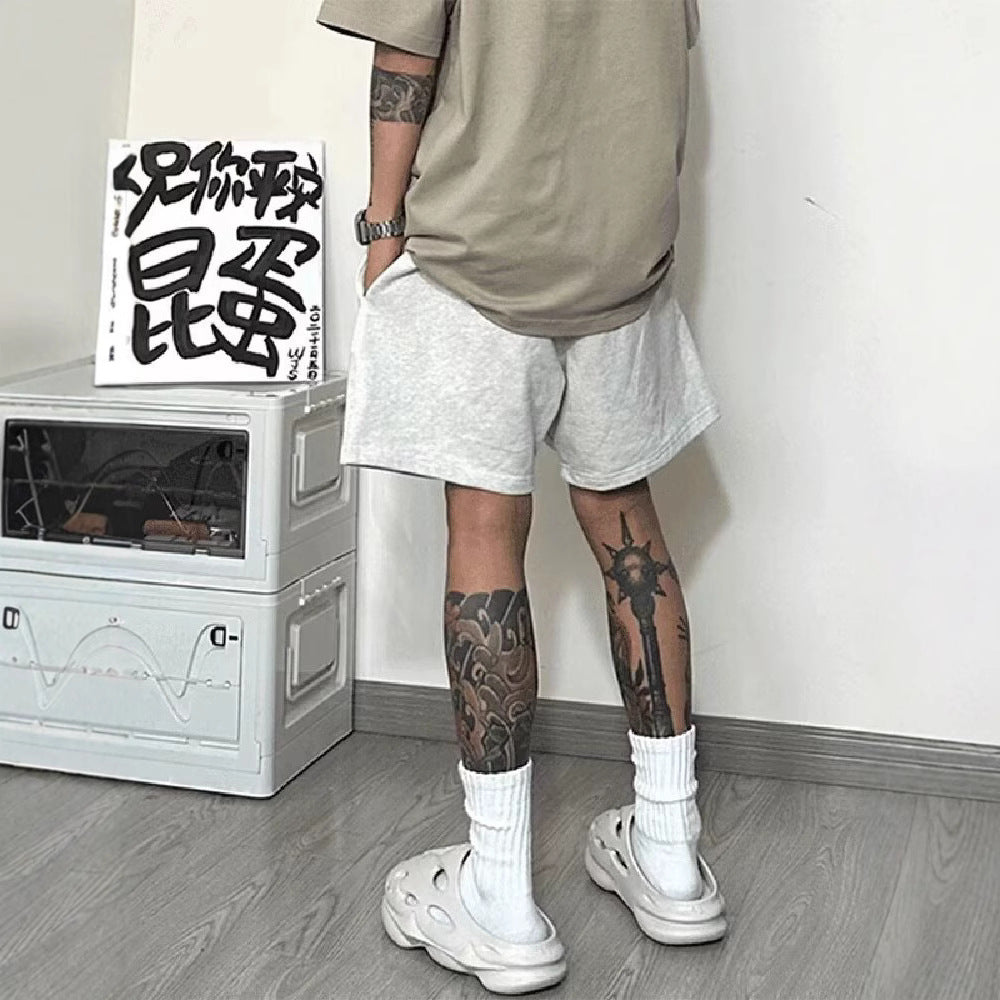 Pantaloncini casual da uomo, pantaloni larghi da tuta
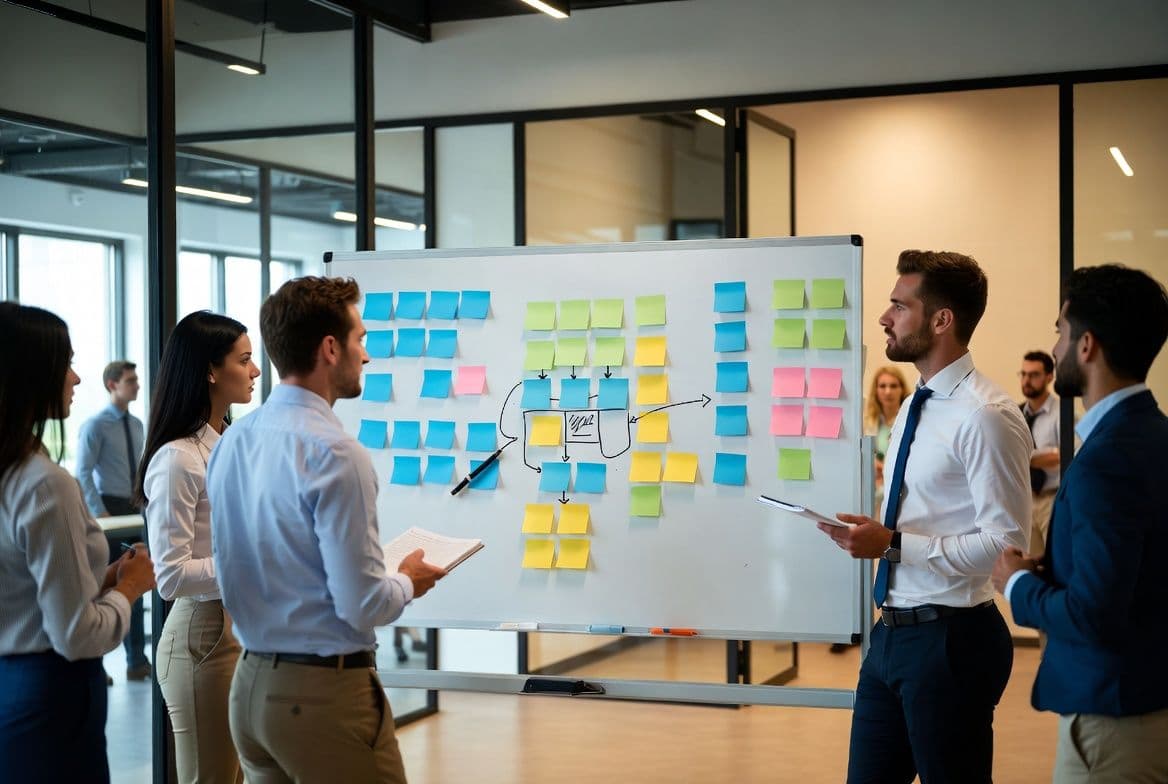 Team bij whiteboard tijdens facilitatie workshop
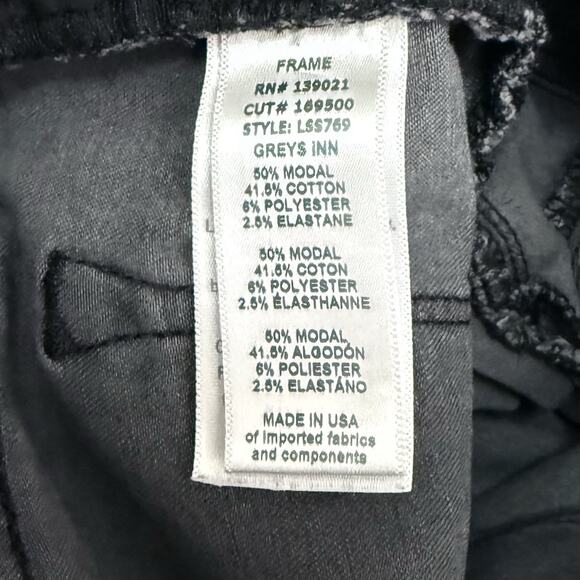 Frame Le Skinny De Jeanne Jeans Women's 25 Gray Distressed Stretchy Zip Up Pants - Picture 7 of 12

• WHAT THE TASK REQUIRES
Drop the images and repeat the data exactly.

• EXPECTED ANSWER
 Pantaloncini casual da uomo, pantaloni larghi da tuta
 Team bij whiteboard tijdens facilitatie workshop
 Frame Le Skinny De Jeanne Jeans Women's 25 Gray Distressed Stretchy Zip Up Pants - Picture 7 of 12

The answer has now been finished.